> What you will do:
Leaving out all pictures, copy the lines below exactly, from the line with "- изображение 5" to the last line, both ends included.

□ □ □ □

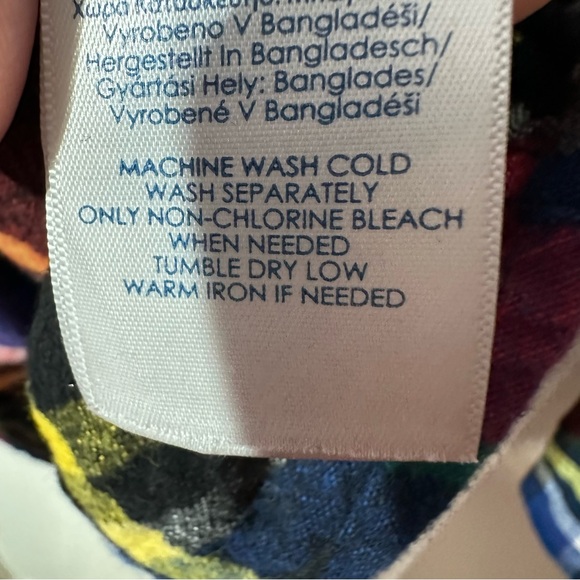 CHAPS heavy weight plaid button up shirt gorgeous plaid rich colours - Picture 10 of 12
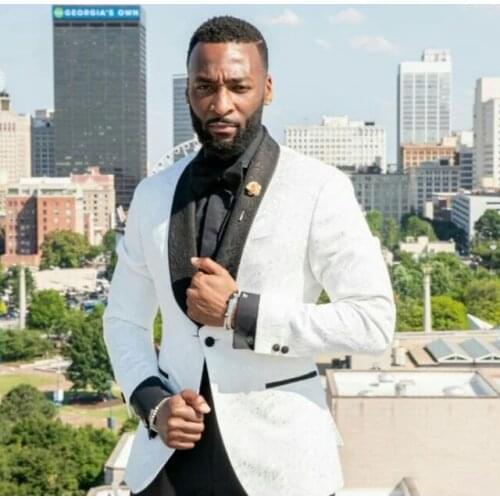 2021 New Style Groomsmen White Pattern Jacquard Black Groom Tuxedos Shawl Lapel Men Wedding Suits 2 Pieces Party Best Man Blazer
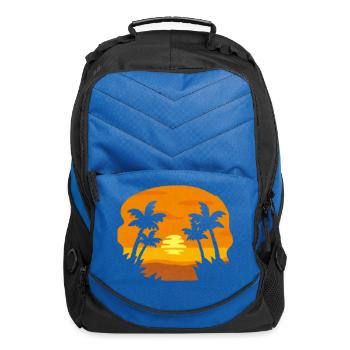 Tropical Sunset Palm Silhouette - Computer Backpack - royal blue - Front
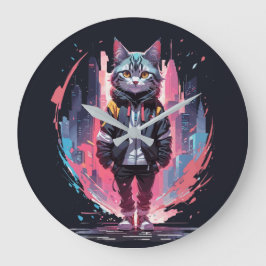 Relógio Grande Design de Gato Fofo e Elegante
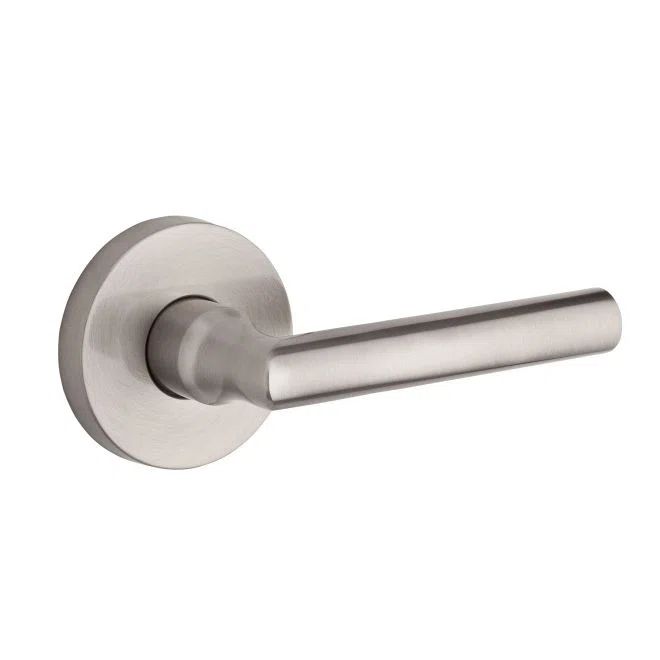 Satin Nickel Privacy Door Lever with Round Rosette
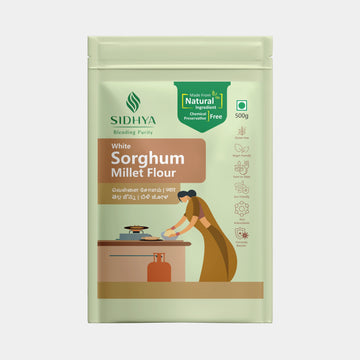 White sorghum millet flour packed in eco-friendly pouch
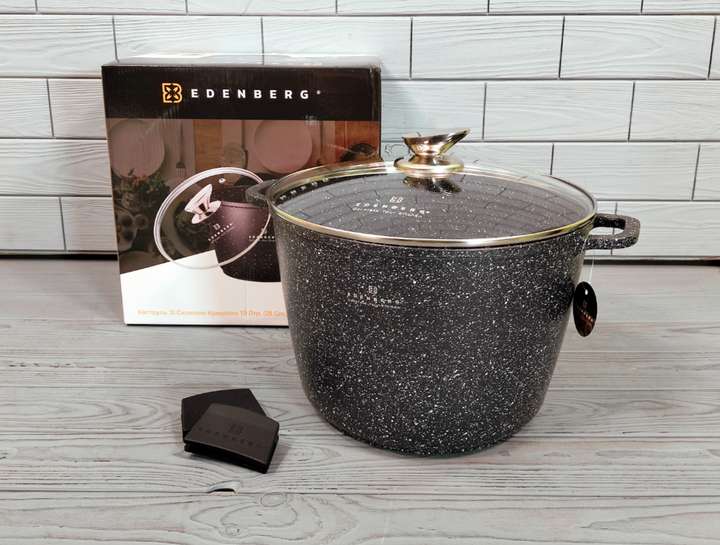 Кастрюля-казан Edenberg 10 л из алюминия с мраморным покрытием и крышкой (EB-1172) - Фото 5 Кастрюля-казан Edenberg 10 л из алюминия с мраморным покрытием и крышкой (EB-1172) - изображение 5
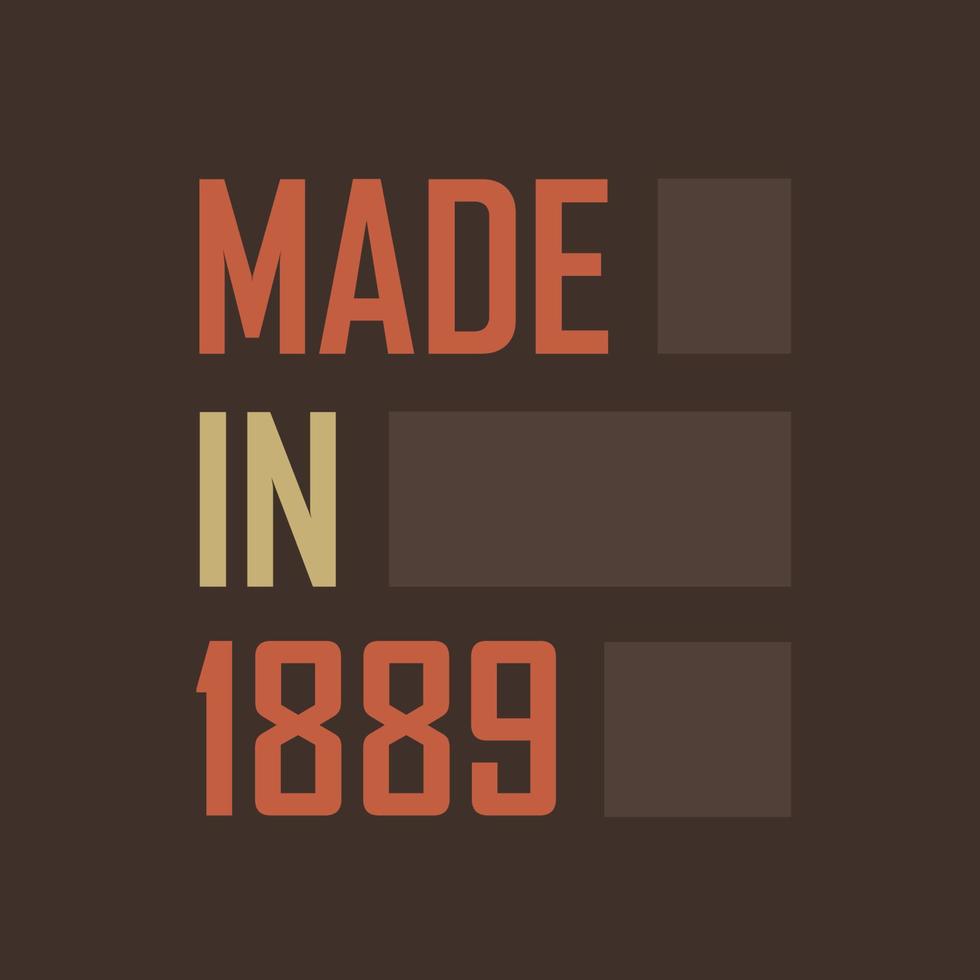 Made in 1889. Birthday celebration for those born in the year 1889 vector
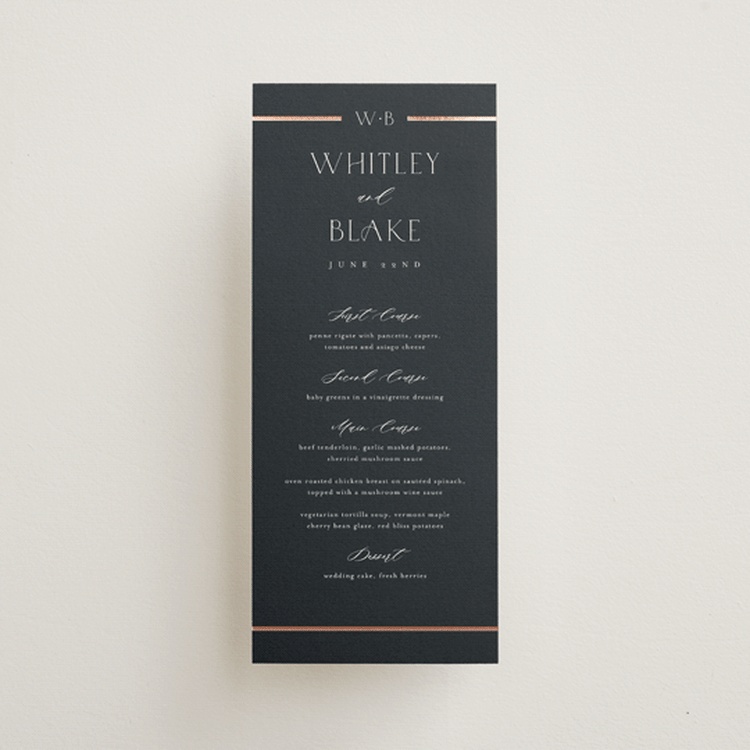 "Luster" - Foil-Pressed Menus in Ocean by Stacey Meacham - Front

□ □ □ □

> Solution to this problem:
 Кастрюля-казан Edenberg 10 л из алюминия с мраморным покрытием и крышкой (EB-1172) - Фото 5 Кастрюля-казан Edenberg 10 л из алюминия с мраморным покрытием и крышкой (EB-1172) - изображение 5
 Made in 1889. Birthday celebration for those born in the year 1889 vector
 "Luster" - Foil-Pressed Menus in Ocean by Stacey Meacham - Front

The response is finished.